Matthias Helwig führt die Breitwandkinos in der Region StarnbergAmmersee und lädt zum inzwischen 15. Fünf Seen Filmfest. Ein Portrait.

Wer kann schon von sich behaupten, mit 61 Jahren noch immer seiner ersten Liebe treu zu sein? Matthias Helwig zum Beispiel. Ihn hat es schon als Kind derart erwischt, dass sie ihn ein Leben lang nicht losgelassen hat: die Liebe zum Kino. Als kleiner Junge, an der Seite seines Vaters im dunklen, von der Leinwand dominierten Raum sitzend, hat Helwig die Macht der Bilder erfahren. „Die Geschichten, die die Bilder auf der Leinwand erzählen, gehen so in mich hinein, dass sie dort bleiben und mich ausmachen“, sagt Helwig. Als der Vater viel zu früh verstarb, Matthias Helwig war erst elf, waren es diese Filmmomente, die der Sohn sich als emotionales Vermächtnis bewahrte.
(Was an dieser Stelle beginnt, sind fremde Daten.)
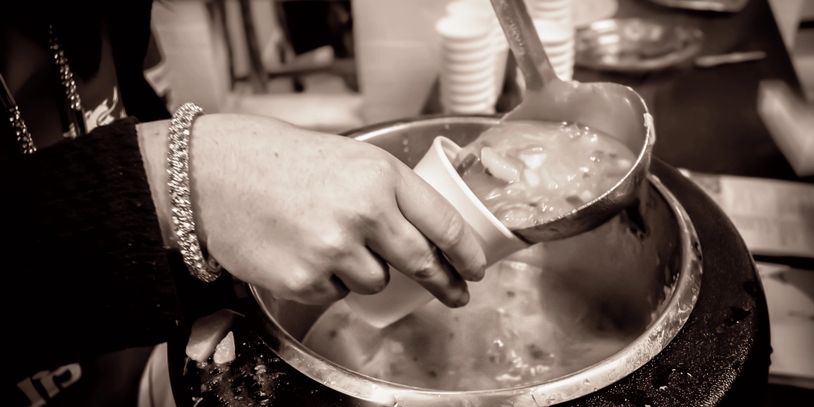 Hand ladling thick soup into a paper cup from a large pot.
„Über den Dächern von Nizza.“ „Das Fenster zum Hof.“ Grace Kelly, Cary Grant – die alten Hollywood-Stars prägen den 61-Jährigen noch immer. Wenn Helwig heute in seinem Gautinger Breitwandkino Interviews gibt, stärkt ihm Henry Fonda den Rücken, der hinter ihm auf einem Filmplakat zu „Faustrecht der Prärie“ lässig auf der Veranda sitzt und in die Ferne sieht.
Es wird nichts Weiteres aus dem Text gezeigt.